米国ニューヨーク州立大学のジュリー・ボーカーは、295名の大学生に、内向性・外向性を調べる心理テストと、創造性を測定する心理テストを受けてもらいました。

すると、内向的な人ほど創造的、つまりクリエイティブな発想をすることがわかったのです。

内向的な人は、頭の中で非常に面白いことを考えています。ただ残念なことに、それを他の人に話しません。だから、一見すると地味な人、面白みのない人という印象を与えてしまうのです。
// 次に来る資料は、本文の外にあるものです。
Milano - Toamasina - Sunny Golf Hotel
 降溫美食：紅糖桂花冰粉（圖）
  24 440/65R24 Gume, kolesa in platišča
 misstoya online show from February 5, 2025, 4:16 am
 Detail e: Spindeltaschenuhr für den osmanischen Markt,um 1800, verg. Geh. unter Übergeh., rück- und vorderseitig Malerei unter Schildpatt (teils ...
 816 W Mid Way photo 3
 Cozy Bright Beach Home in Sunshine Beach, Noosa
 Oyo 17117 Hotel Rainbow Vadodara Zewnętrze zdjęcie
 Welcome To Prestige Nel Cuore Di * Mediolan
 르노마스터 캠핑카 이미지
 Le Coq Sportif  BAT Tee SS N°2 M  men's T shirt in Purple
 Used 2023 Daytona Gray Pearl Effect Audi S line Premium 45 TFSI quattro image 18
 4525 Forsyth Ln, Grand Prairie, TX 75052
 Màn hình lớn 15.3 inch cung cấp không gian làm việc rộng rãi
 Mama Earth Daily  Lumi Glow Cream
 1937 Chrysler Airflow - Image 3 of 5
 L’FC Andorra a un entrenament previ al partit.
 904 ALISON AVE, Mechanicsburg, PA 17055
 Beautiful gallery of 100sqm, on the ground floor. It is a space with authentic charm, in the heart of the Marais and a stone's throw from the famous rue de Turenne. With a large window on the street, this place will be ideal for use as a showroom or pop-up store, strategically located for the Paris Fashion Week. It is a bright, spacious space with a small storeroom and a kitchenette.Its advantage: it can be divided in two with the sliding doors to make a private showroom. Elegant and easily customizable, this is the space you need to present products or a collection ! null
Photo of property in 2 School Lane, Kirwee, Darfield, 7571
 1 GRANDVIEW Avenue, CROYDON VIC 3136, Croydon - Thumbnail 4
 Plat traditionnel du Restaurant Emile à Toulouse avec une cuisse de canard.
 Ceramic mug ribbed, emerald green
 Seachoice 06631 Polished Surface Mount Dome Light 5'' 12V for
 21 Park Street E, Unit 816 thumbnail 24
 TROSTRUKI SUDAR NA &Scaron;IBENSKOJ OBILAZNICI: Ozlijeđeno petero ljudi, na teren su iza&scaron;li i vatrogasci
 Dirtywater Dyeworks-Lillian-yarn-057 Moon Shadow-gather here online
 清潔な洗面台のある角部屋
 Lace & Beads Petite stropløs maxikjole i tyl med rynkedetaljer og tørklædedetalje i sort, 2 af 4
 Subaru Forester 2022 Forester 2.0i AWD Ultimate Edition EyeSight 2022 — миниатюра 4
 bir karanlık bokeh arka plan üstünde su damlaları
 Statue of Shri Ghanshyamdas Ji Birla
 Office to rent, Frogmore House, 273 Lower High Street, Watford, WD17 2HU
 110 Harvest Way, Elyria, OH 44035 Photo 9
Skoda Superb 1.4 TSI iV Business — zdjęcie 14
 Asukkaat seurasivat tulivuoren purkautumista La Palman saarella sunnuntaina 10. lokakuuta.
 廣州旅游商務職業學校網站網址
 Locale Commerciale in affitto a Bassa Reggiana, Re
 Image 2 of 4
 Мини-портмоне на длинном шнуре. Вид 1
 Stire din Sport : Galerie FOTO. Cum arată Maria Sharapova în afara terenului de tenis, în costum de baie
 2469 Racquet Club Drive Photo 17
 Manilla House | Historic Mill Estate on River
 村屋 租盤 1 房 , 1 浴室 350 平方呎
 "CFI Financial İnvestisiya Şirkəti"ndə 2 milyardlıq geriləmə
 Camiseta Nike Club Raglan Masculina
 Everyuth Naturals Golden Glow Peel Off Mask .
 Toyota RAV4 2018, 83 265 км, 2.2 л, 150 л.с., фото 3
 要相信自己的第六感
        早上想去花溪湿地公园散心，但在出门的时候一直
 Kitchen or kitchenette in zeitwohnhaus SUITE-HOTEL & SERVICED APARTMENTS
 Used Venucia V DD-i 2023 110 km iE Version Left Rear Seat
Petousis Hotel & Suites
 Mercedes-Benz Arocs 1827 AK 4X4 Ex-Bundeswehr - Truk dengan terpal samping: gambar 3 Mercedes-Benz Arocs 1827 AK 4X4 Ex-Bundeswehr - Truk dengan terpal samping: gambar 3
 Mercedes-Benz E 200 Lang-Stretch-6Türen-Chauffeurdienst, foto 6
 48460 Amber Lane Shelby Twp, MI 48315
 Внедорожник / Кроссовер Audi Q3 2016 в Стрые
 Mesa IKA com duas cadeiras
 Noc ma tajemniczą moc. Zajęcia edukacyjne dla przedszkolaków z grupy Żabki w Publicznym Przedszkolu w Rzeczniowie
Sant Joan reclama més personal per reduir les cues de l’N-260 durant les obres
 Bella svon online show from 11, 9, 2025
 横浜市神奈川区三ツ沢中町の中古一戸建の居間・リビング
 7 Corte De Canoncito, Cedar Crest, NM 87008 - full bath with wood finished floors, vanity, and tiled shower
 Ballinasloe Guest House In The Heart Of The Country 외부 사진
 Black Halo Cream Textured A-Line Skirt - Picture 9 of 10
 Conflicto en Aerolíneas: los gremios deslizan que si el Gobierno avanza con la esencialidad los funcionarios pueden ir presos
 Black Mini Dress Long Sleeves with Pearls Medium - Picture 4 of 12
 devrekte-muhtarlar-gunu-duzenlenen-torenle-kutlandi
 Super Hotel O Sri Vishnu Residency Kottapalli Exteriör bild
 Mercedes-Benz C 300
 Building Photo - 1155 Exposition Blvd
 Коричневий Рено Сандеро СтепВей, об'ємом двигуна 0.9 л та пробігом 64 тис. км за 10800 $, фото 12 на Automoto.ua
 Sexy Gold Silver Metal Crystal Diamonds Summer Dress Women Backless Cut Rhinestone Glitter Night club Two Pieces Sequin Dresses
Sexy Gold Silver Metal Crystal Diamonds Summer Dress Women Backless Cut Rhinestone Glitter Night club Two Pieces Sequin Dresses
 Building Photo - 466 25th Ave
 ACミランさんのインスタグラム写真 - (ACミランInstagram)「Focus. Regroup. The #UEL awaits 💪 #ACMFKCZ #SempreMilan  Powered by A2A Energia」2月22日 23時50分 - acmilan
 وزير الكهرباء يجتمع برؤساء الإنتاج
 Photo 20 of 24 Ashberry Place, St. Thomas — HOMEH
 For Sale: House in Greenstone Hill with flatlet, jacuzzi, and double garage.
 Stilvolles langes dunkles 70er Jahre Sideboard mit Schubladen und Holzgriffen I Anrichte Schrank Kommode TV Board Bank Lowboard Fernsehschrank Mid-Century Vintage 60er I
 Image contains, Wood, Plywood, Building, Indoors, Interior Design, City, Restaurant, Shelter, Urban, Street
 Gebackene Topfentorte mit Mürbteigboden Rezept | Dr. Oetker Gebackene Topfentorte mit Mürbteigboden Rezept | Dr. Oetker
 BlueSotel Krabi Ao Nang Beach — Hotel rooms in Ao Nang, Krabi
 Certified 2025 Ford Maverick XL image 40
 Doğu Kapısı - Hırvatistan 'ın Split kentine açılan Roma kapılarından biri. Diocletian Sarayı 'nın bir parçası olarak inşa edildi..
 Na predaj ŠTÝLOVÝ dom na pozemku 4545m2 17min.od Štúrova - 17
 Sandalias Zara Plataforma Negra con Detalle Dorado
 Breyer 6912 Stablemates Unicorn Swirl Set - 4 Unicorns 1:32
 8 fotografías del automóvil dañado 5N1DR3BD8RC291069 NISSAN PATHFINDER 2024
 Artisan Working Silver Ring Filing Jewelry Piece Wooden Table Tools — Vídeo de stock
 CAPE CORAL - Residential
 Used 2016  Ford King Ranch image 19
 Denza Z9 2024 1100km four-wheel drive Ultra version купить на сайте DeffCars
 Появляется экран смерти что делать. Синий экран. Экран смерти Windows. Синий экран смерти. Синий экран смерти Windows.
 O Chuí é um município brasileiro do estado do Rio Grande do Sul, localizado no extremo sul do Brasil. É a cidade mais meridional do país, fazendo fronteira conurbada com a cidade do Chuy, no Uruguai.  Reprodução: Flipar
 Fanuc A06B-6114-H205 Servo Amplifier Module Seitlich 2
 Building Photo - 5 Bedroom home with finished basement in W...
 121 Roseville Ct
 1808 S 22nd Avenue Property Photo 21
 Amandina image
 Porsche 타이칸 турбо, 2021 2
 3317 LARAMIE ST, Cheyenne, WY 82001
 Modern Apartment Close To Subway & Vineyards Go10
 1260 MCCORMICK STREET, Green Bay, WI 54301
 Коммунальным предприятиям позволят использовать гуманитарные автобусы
もし読者のみなさんが上司や管理職で、部下たちに新しい商品や企画のアイデアを出してもらいたいと思っているのであれば、できるだけ内向的な人、もの静かな人たちを選んで頼んでみるといいかもしれません。

「従来の常識に縛られずに、好きなようにアイデアを出してみてよ」とお願いすれば、彼らは、周囲を驚かせるようなアイデアをポンポンと出してくれる可能性が高いと思われます。

ただ、もともと熟慮タイプが多いので、時間的なプレッシャーがあると緊張してアイデアを出せなくなってしまうかもしれません。そのため、期限を区切ったりせず、好きなように考えてもらうのがコツです。

内向的な人のクリエイティブな発想で、新しいビジネスチャンスが見つかるかもしれませんね。

ビジネス案を思い浮かべる女性
写真=iStock.com/MangoStar_Studio
※写真はイメージです

その「粘り強さ」を誇ってもいい

内向的な人は、物事を何でも深刻に考えてしまいます。

そのためでしょうか、内向的な人ほどうつ病になりやすいとされています。

内向的な性格とうつに関連性があることはすでに多くの研究で明らかにされているのですが、それでは、うつになりやすいことはマイナスなのでしょうか。

たしかに、うつ病にはマイナスの点もあります。楽観的になれないことや、自殺する意図が高くなってしまったりすることは、明らかにマイナスでしょう。

けれども、プラスの面もたくさんあるのです。

カナダにあるコンコルディア大学のカーステン・ロッシュは、青年期の122名を対象に、ほぼ半年おきに3回の調査を行いました。

その結果、抑うつ(気分が落ち込み、意欲が低下した状態)傾向が強い人ほど、頑張り屋さんで、簡単に物事を諦めないことがわかったのです。

「私は目標達成のための努力を厭わない」
「私はうまくいくまで頑張る」

といった項目で高得点を挙げるのは、抑うつ的な人でした。

内向的な人は、難しい仕事を任されても、すぐに諦めたりはしません。とことん頑張ろうとします。

どんな業界の、どんな仕事もそうだと思うのですが、粘り強く取り組み続ければ、必ずうまくいきます。うまくいかないのは、途中で「もう、やめた」と投げ出してしまうからです。諦めなければ、仕事は必ずうまくいきます。

内向的な人は、そういう努力を厭いませんので、結果として仕事も成功するのです。